Linn Da Quebrada, Brunna Gonçalves, Maria, Vinicius Fernandes, Tiago Abravanel e Luciano Estevan, o primeiro a ser eliminado, chegaram sem medo de assumir quem são em rede nacional. A dançarina Brunna, por exemplo, ficou conhecida depois que se casou com a cantora Ludmilla. Tiago já chegou a rebater comentários homofóbicos da prima Patrícia Abravanel. E, logo na apresentação em grupo do reality, Linn reafirmou sua identidade de gênero com um discurso poético, dizendo “não sou homem, não sou mulher: sou travesti”.
A presença da cantora e atriz de 31 anos marca a segunda vez em que uma pessoa trans (no caso de Linn, uma travesti) participa do programa, após mais de uma década de Ariadna Arantes, que foi a primeira eliminada da 11ª edição. Na ocasião, a influenciadora digital foi vítima de uma campanha discriminatória entre o público e diversos meios de comunicação, e hoje celebra a participação de Linn, cuja representatividade tem sido bem aceita.

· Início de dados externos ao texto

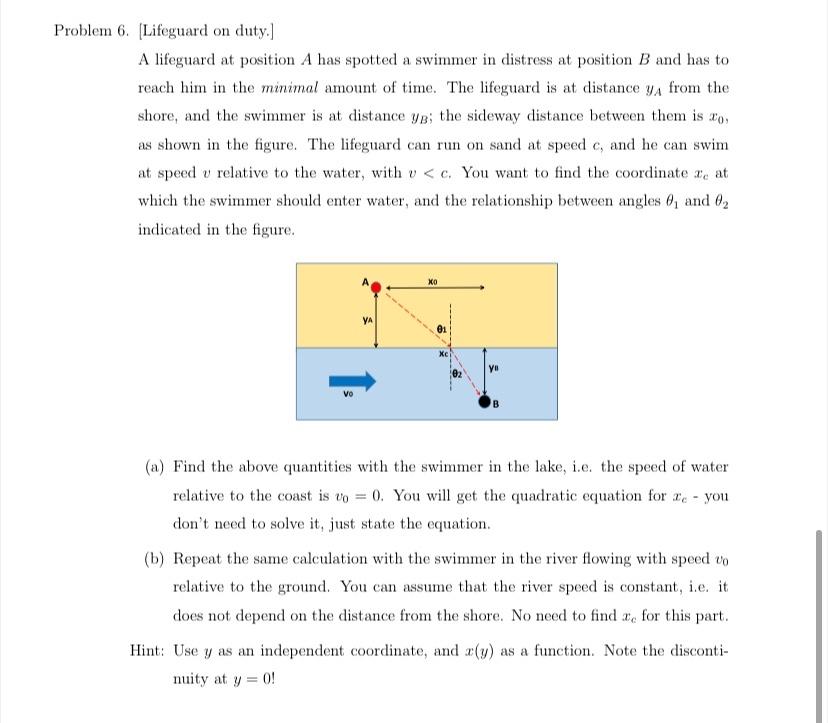 Solved Problem 6. Lifeguard on duty.] A lifeguard at | Chegg.com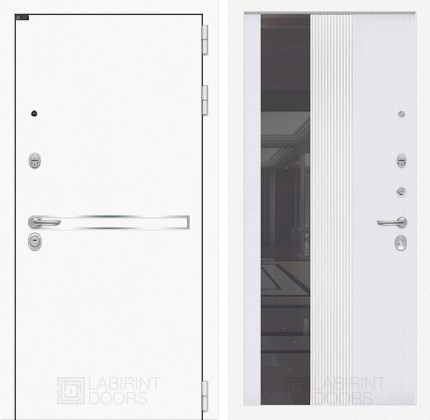 Входная дверь Лайн WHITE с Зеркалом 32 тонированным - Белый рельеф софт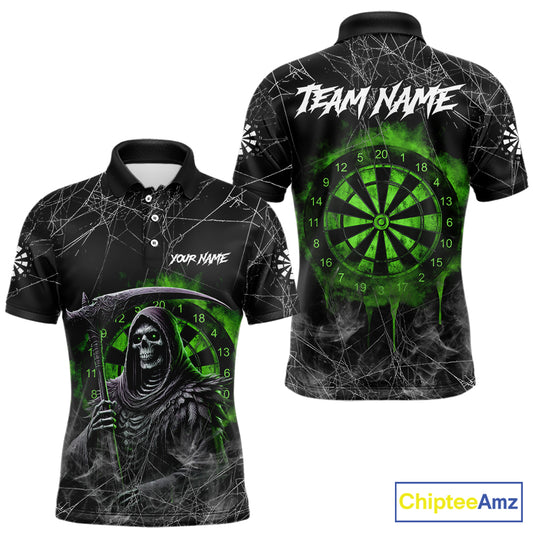 Black And Green Smoke Grim Reaper Funny Dart Shirts For Men Custom Dart Jerseys, Darts Clothing TDM5486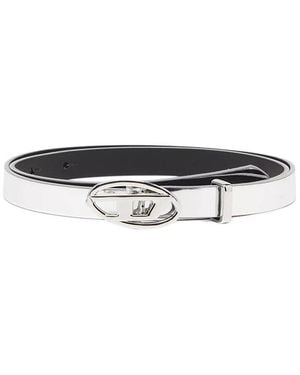 DIESEL Logo Buckle Belt - White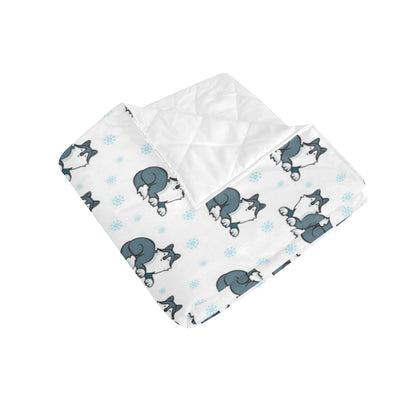 Alaskan Malamute Pattern Print Design 03 Premium Quilt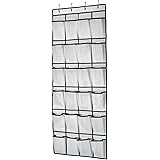 VOLKSLAND Hanging Organiser Over the Door, Shoe Racks, Shoe Storage, 24 Large Mesh Pockets Storage hanger for Bedroom Bathroo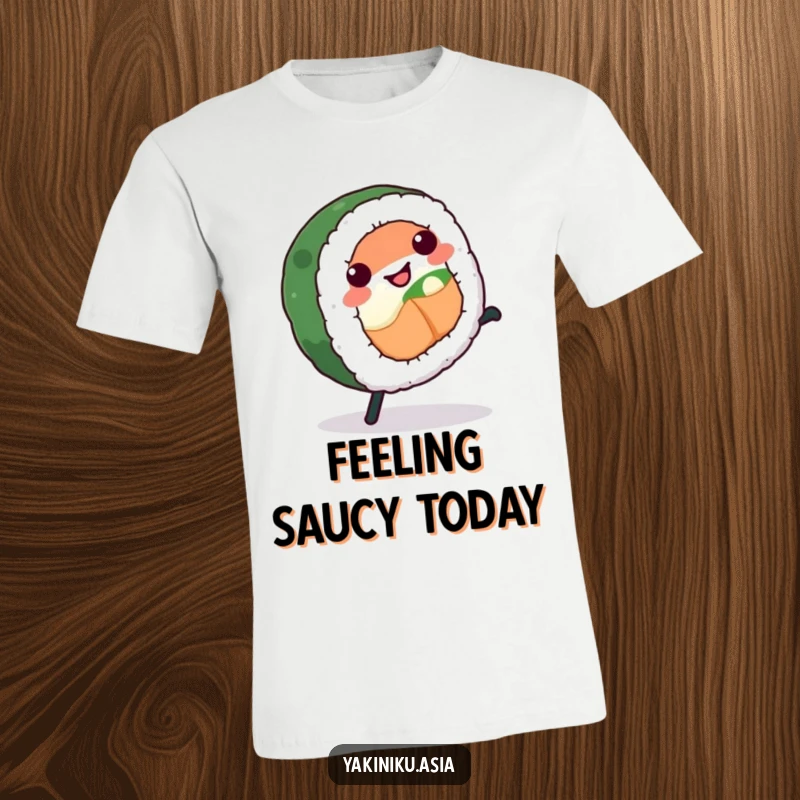 Funny sushi roll t-shirt, mid-cartwheel with a joyous expression, a dynamic and humorous piece of apparel.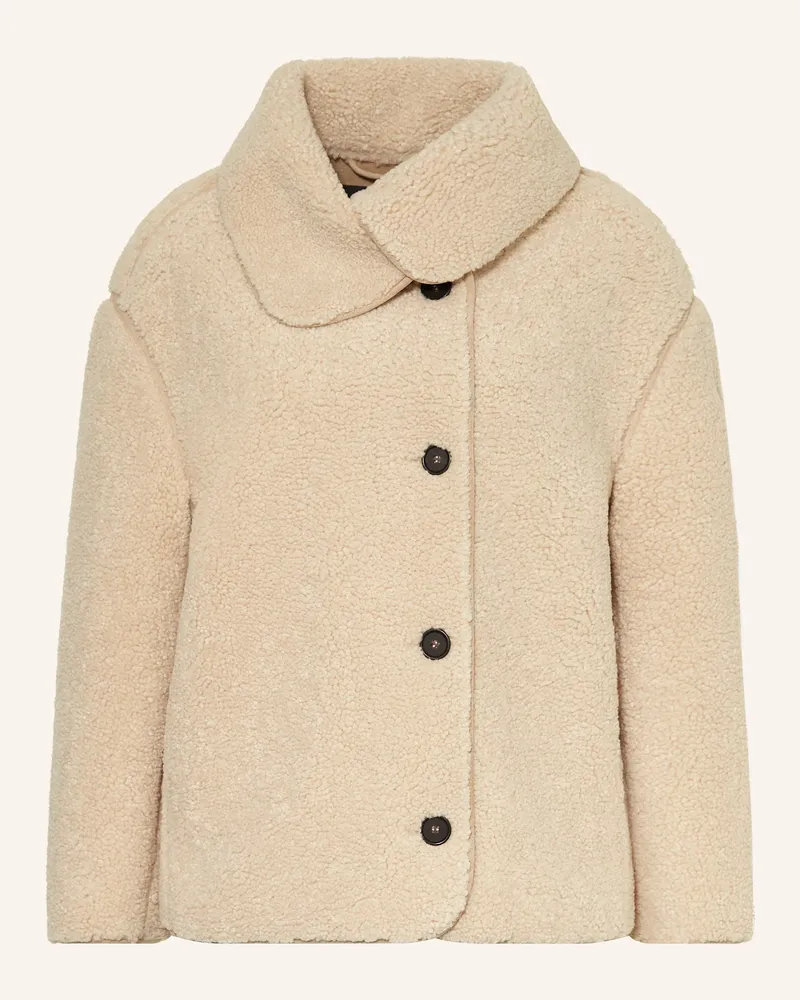 OPUS Teddyfell-Jacke HAFINE mit 3/4-Arm Creme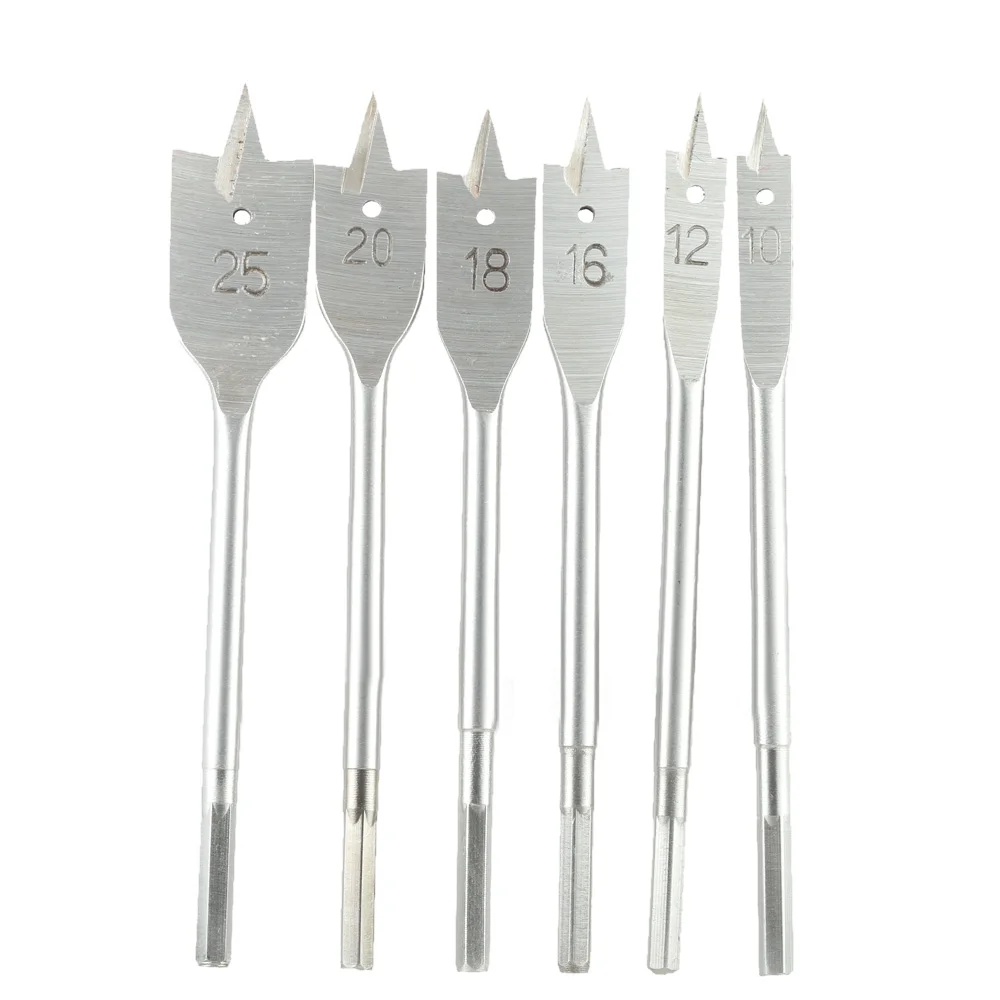 6pcs/set 25mm Long Wood Flat Drill Set Woodworking Spade Drill Bits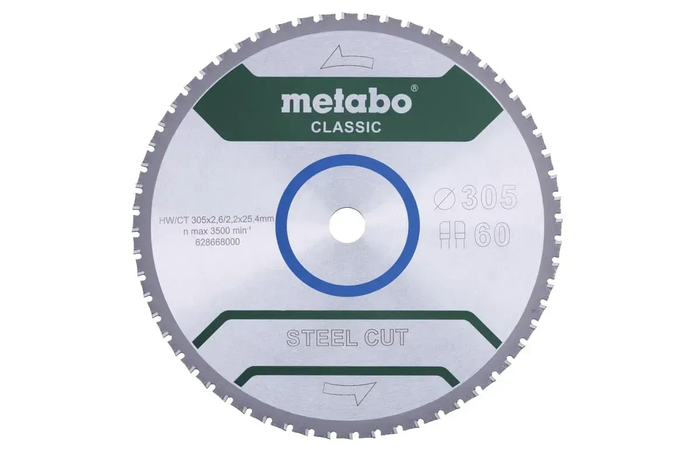 Пиляльний диск Metabo CLASSIC по сталі 305x25.4x2.6, 60 зубів 628668000 фото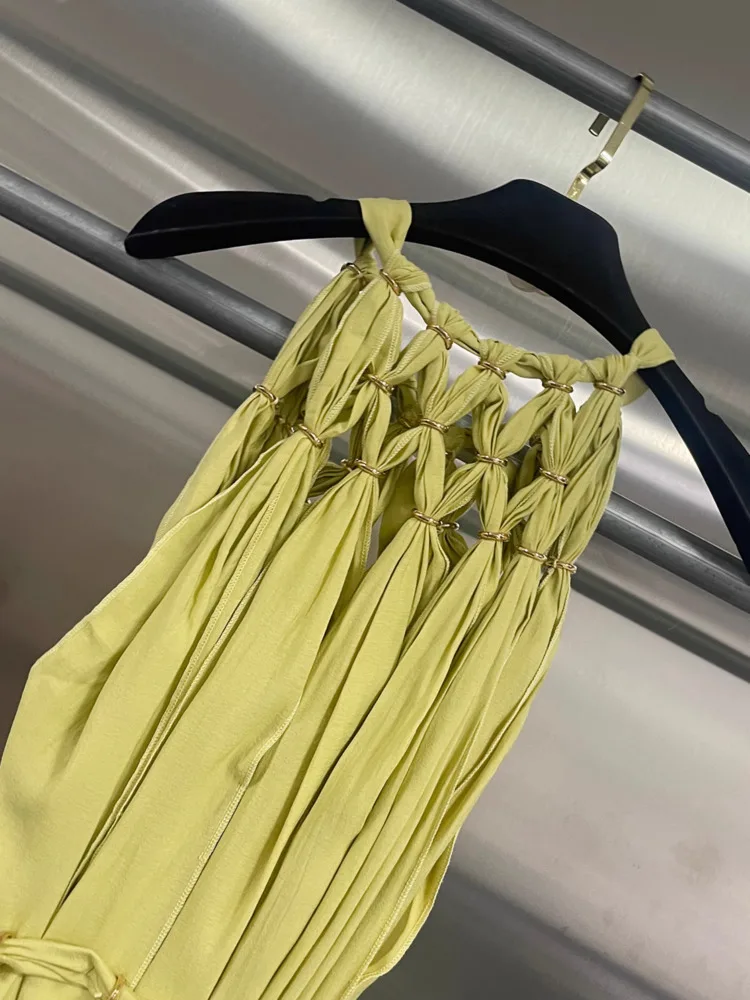 DFDG lente zomer 2025, dames bohemien sexy halter uitgesneden maxi-jurk onregelmatig lint ontwerper strandfeest lange jurk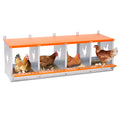 4-Bay Metal Nest Box-Wall Mount For Hens Ducks, Easy Egg   Assembly, Vented Galvanized Steel Coop Equipment Orange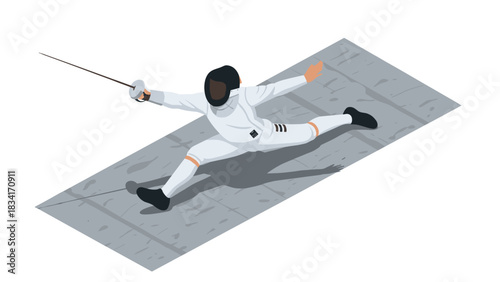 Isometric fencing action: athlete in dynamic pose on gray mat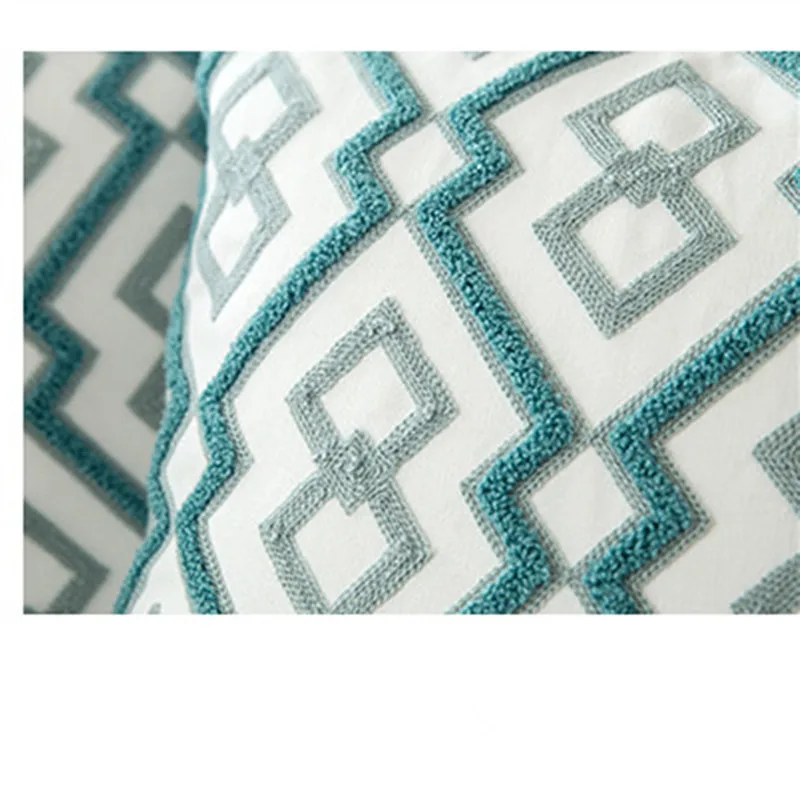 Прямая поставка домашний декор наволочка с вышивкой из синего хлопка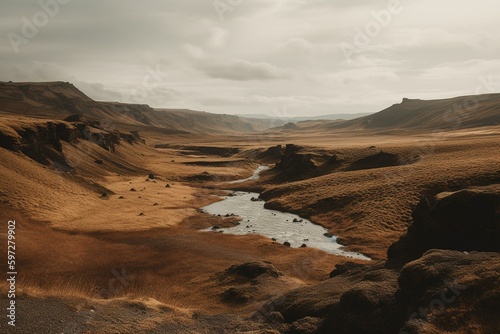 Landscape of Iceland. Generative AI
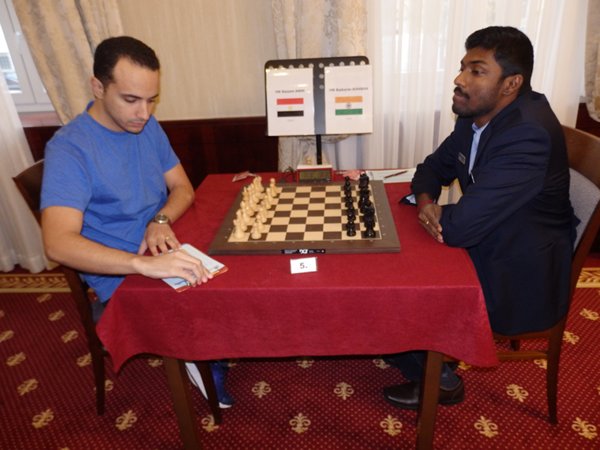 Adhiban during his game against Amin Bassem at the Tournament of Peace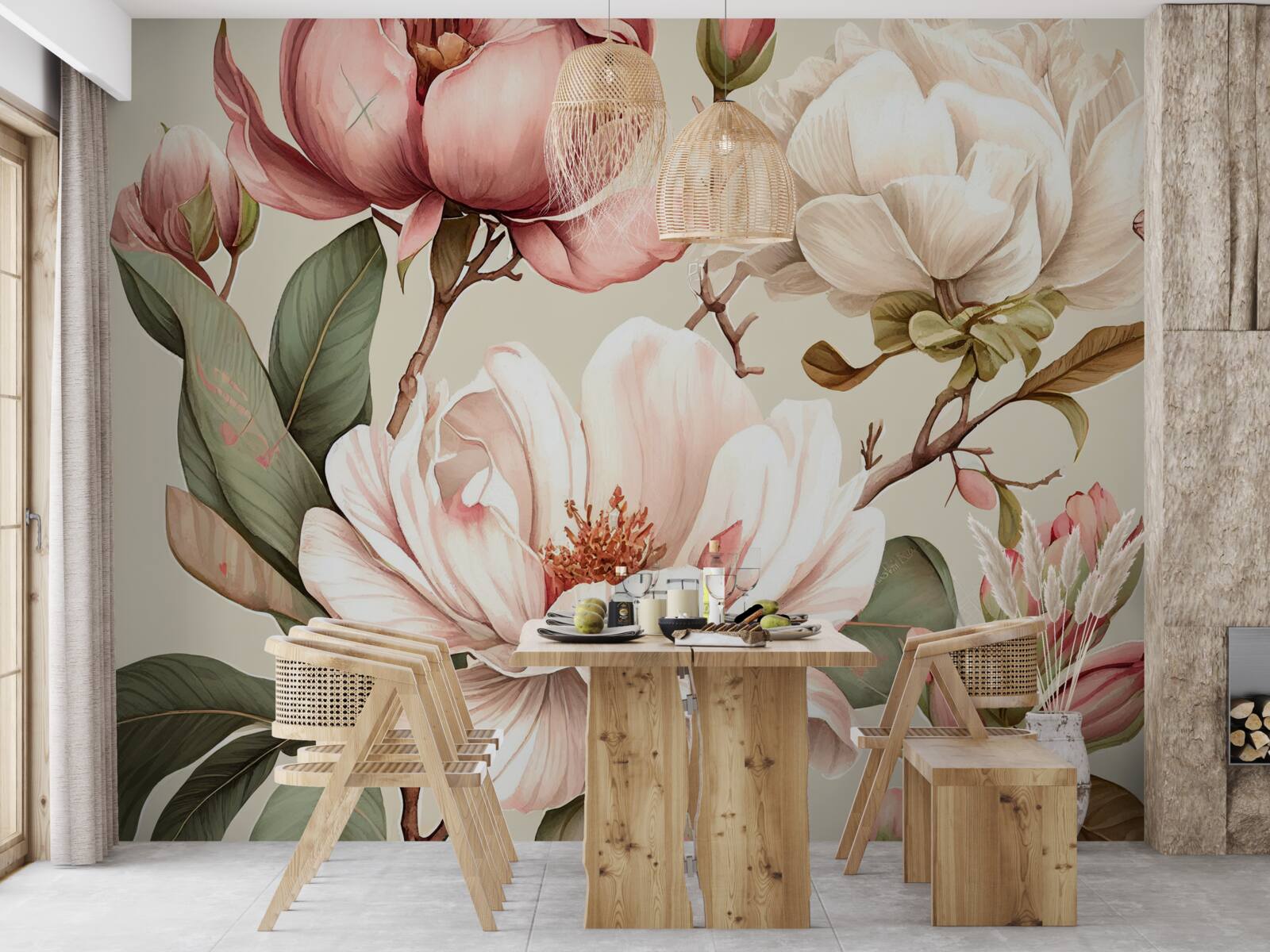 Fototapeta magnolie w odcieniach czerwieni i bieli na gałęziach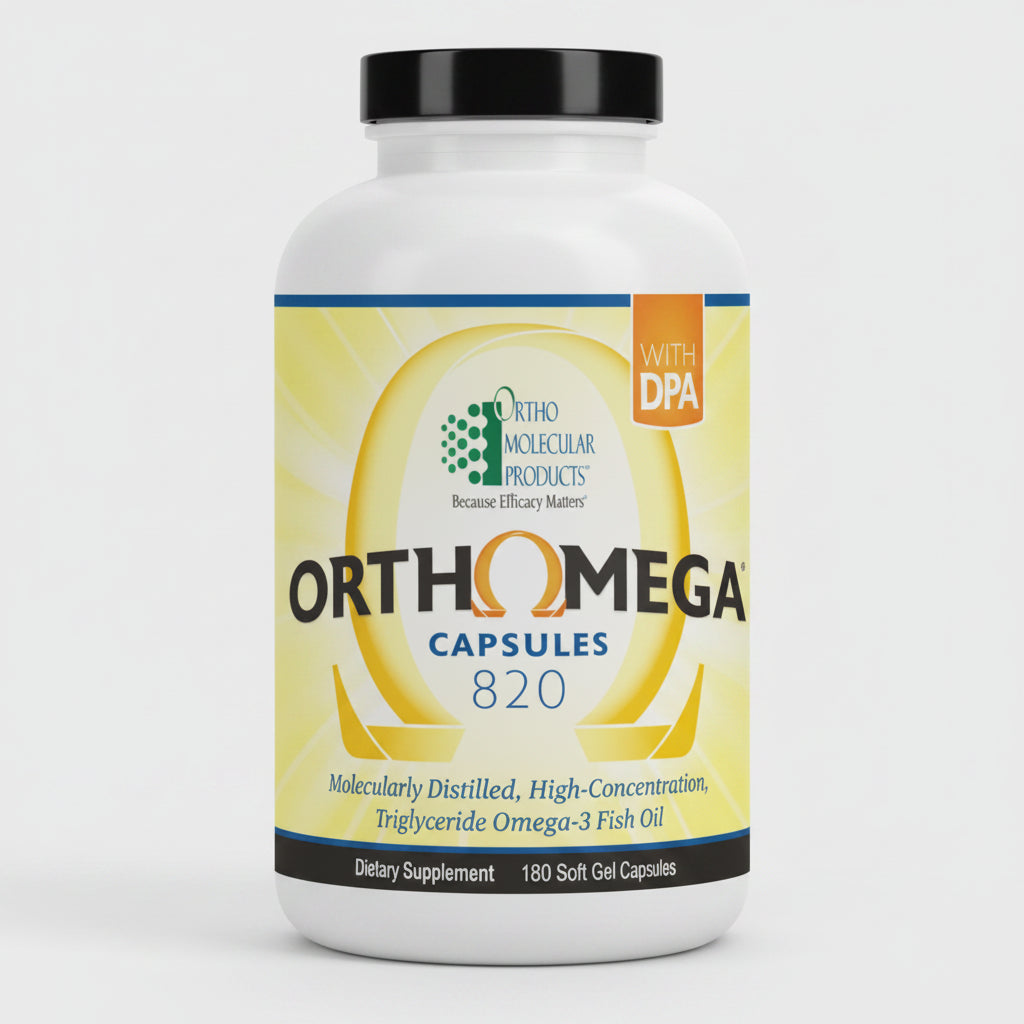 Ortho Omega capsules 820 dietary supplement bottle on a white background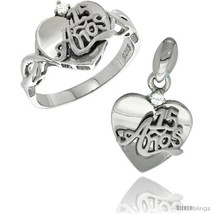 Size 5 - Sterling Silver Quinceanera 15 ANOS Heart Ring &amp; Pendant Set CZ... - $66.82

Mas, apesar de ter tatuado em sua testa o pronome “Ela”, Linn já vivenciou situações transfóbicas dentro da casa. Por diversas vezes, a artista precisou esclarecer a forma pela qual exige e deve ser tratada – o próprio Tadeu Schimdt, estreante na função de apresentador, precisou intervir logo na primeira semana do confinamento.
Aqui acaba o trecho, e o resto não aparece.